Pirate radio existed because the BBC couldn’t, or wouldn’t, play the quantity and variety of pop and rock music younger audiences demanded — and over in the States, were already getting. After Radio London’s 1967 shutdown, Peel joined the Beeb’s newly launched pop station, Radio 1. But even there limitations continued to apply, and today they sound draconian: the Musicians’ Union and Phonographic Performance Limited, for instance, once limited the number of commercially released records that could be played on air.
The BBC’s solution was to cover popular songs with its in-house orchestra; Peel’s less square solution, as it evolved, was to bring the bands in to do it themselves. Over Peel’s 37-year career at the BBC, these “Peel Sessions” would number over 4,000, about a thousand of which you can enjoy on Youtube today.
Compiled by a fan named Dave Strickson, this list of Peel Sessions available on Youtube goes all the way from the Mancunian pop-punk of A Certain Ratio in 1979 and 1981 to the Glaswegian new wave of Zones in 1978. (Yes, the list technically begins with the numeral-featuring acts as 14 Iced Bears and 23 Skidoo.) In between, Peel’s guests include A Flock of Seagulls (1981), Billy Bragg (1983, 1991), Bob Marley and the Wailers (1973), Cocteau Twins (1982, 1983, 1984), David Bowie and the Spiders from Mars (1972), Elvis Costello & the Attractions (1977, 1978, 1978, 1980), Fairport Convention (1968, 1969, 1969, 1974), Joy Division (1979), Morrissey (2004), Roxy Music (1972, 1972), Shonen Knife (1992), Sonic Youth (1986, 1988, 1989), Tears for Fears (1982), The Jesus and Mary Chain (1984, 1985, 1985, 1988, 1989), and Yo La Tengo (1997).
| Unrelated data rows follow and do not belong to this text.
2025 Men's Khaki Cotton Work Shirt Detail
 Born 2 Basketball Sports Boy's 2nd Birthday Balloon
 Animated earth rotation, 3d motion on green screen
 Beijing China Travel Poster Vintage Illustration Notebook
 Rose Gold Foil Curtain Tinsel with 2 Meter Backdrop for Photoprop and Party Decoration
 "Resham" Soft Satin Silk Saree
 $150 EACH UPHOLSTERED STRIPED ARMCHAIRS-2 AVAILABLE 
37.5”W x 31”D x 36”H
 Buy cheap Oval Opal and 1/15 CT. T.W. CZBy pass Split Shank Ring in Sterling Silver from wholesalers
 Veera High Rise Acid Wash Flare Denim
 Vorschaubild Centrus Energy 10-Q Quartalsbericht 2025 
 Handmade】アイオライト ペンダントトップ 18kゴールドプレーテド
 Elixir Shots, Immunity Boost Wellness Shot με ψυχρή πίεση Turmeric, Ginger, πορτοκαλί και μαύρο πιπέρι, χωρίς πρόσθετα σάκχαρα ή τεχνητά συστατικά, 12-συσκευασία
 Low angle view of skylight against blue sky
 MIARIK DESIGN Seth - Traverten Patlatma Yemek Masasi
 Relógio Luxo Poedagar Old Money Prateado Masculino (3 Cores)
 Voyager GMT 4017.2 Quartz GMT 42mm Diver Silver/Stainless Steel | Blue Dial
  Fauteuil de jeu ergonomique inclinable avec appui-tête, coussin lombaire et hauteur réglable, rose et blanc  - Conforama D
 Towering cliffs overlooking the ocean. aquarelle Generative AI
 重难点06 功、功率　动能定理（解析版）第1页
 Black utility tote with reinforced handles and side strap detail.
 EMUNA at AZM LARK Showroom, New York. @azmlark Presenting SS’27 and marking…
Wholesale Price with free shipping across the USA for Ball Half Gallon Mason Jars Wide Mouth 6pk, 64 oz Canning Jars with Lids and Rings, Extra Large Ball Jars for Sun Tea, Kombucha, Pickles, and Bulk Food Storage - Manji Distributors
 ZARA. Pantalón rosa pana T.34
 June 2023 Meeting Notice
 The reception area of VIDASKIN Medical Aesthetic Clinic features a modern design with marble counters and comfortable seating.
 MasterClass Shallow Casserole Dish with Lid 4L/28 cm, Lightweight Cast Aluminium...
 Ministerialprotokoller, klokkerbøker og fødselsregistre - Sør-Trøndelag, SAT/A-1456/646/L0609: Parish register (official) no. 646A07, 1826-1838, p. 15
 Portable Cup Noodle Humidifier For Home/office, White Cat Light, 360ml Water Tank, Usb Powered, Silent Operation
And of course, Strickson’s list also includes no fewer than eight Peel Sessions by The Fall (1978, 1980, 1981, 1986, 1987, 1991, 2003, 2004), the legendary DJ’s favorite band — or at least the band that took up the most shelf space in his formidable record collection. But as Peel’s fans know, he only met The Fall’s mastermind Mark E. Smith (like Peel, an outspoken Northerner) two brief times in his life. One such fan, a Metafilter commenter by the name of Paul Slade, notes that “Peel used to make a point of staying away from session recordings, partly because he didn’t want to hear the new music till it went out live. That way, he knew he’d be able to react honestly on-air to anything in the session that surprised or delighted him.” His between-song comments do indeed constitute an unexpected charm of these vintage broadcasts, though surprisingly many have nothing to do with the session at hand. Peel undoubtedly loved music, but he seems to have loved Liverpool Football Club even more.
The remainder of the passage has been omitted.